Rush to Retire Brett's #4?

Ryan Wilson, on his AOL Fanhouse blog, cites John Lombardi's question as to why Reggie White had his number retired posthumously, nearly six years after he retired and months after his death. The question asks if there was potentially some sort of conspiracy theory as to why Reggie had to wait, while the Packers appear to be tripping over themselves to honor Favre while he may still be mulling whether he is going actually retire or not.

What could the conspiracies be? Could it be Reggie's persecution for some careless words spoken during a 1998 speech that got him labeled a "racist" and "politically incorrect"? Could it be his stance on homosexuality, which as a Baptist minister, he felt compelled to share with the world?

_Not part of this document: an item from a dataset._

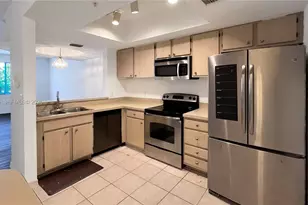 781 SW 148th Ave, Sunrise, FL 33325 - Photo 8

Or, perhaps, even more sinister, could it be that he was black and Favre was white?

All of these ideas are absolutely ridiculous.

Reggie White will go down in history as one of the greatest Packers of all time, enshrined in both the Packer Hall of Fame and in Canton, a wrecking ball on the field and an inspirational leader off the field. But, unlike most of those truly honored by having their number retired by the Packers --Bart Starr, Ray Nitchske, Tony Canadeo, and Don Hutson--Reggie White was not a lifelong Packer.

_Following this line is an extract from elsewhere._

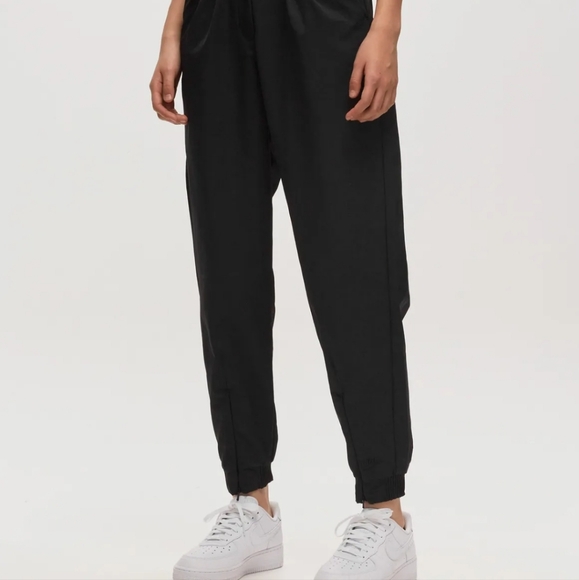 NWT Women's Nike Tech Pack dri-fit pants - Picture 6 of 12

Furthermore, his most statistically impressive seasons were actually with the Philadelphia Eagles...a team that also elected to retire his number with their team in 2005.

The question isn't whether or not Reggie White compares to Brett Favre, but whether or not Reggie White, bless his soul, deserves to have #92 retired. The idea of being defined as a Packer Forever seems to be a constant with those four, as well as Favre. I remember at one time, there being a public statement that no more numbers would ever be retired for the Green Bay Packers (this was back in the 80's), so I was surprised when a player, great as he was, received the honor when he only played part of his career with the team.

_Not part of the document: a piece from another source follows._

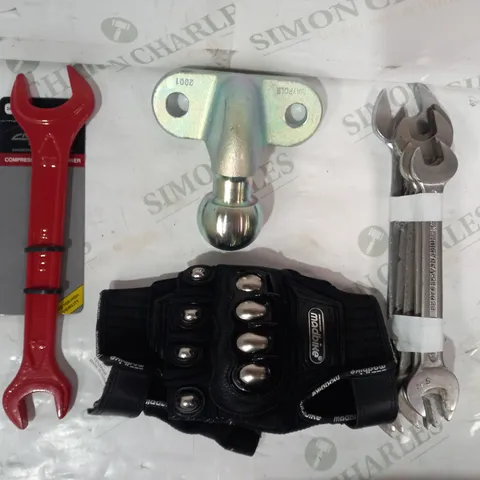 LOT OF APPROXIMATELY 8 ASSORTED CAR AND VEHICLE PARTS AND ITEMS TO INCLUDE MADBIKE FINGERLESS GLOVES SIZE M, NERRAD TOOLS COMPRESSION NUT SPANNER, ETC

The fact that the Eagles also retired his number is either testament to White's greatness, or a reminder that sometimes retiring numbers is as much a public relations ploy as it is granting an honor.

Brett Favre spent his entire career with the Packers (minus his forgettable rookie season), won a Super Bowl (more than Hutson or Canadeo) and finished statistically on top of nearly every record at his position, as did Don Hutson. Favre's popularity certainly also ranked up there with each of these players, though certainly, the rush of being in five championships has to put Nitschke and Starr on even a higher plane than Favre.

I questioned passing out retired numbers like candy when White's number was retired. Such an honor is limited (you only have so many numbers you can retire). I also questioned Don Majkowski's induction into the Packer Hall of Fame at around the same time, because it seemed to cheapen the honor for others who really deserved it, like Jerry Kramer or Willie Wood, but didn't get a number retired. Majkowski played one good season, and only four seasons in all for the Packers. If you're going to give him a place in the Hall, why not Darrell Thompson? Why not Walter Stanley? Why not Mark Koncar?

Reggie White was a great player. Packer Hall of Fame? Absolutely. Maybe a spot in the Ring of Honor at Lambeau Field. Absolutely. Number retired? Sorry, I don't buy it.

Favre has in his career earned all of those unwritten criteria for having all those things and his number retired. He has the statistics, he has the longevity, he has the popularity, and he has the claim to being a Packer over his entire productive career.

If honoring Reggie White were an equally slam-dunk decision, why did the Eagles wait twelve years after he left the team to retire his number?